Rainy morning here in Las Vegas, We Celebrate that ! Don't get to enjoy many rainy days here. It's Saturday and I have no agenda, just whatever comes along. Looking forward to next weekend and out Super Bowl gathering with great friends. Have a great day everyone !


----------



## SeaBreeze (Jan 26, 2013)

Ozarkgal said:


> In our "before retirement" home we had a doggie door, so the dogs went in and out at will. It can't happen here because they have to be supervised and protected from their own mischief making selves and the coyotes who would have them for dinner.
> 
> I never realized how many times they went in and out until I didn't have that blasted doggie door.  Good thing I'm retired, as it's practically a full time job keeping three schnauzers happy



*Love *the sign too Ozarkgal! :coolthumb:  I can totally relate!!  I only have one schnauzer now, but there was a time where I had two and three.  Never had a doggie door, but I always whined to hubby that we needed a doggy door, that I was the official doorman for the schnauzers, that the were so needy and smothering me with demands, LOL! 

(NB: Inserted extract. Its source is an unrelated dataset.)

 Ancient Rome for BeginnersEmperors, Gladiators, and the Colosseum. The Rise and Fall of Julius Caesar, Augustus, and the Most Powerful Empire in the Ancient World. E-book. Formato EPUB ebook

One thing I can say is that it's good exercise for me, up and down, letting him in and out.  My Manx cat is very dog-like, and has learned well, he'll give a sweet tiny mew at the back door to be let out, and many times, five minutes later, he's ready to bolt back into the kitchen.  We have coyote concerns here too, although my yard is fenced, we keep close watch on our furkids...here are the present doorman culprits.  layful:


----------



## SeaBreeze (Jan 26, 2013)

:banghead:  Sharing my day...late yesterday, we discovered that our 8 1/2 year old Magic Chef (Maytag) refrigerator was no longer working.  The stuff in the freezer was pretty much defrosted, and the food in the refrigerator was warming.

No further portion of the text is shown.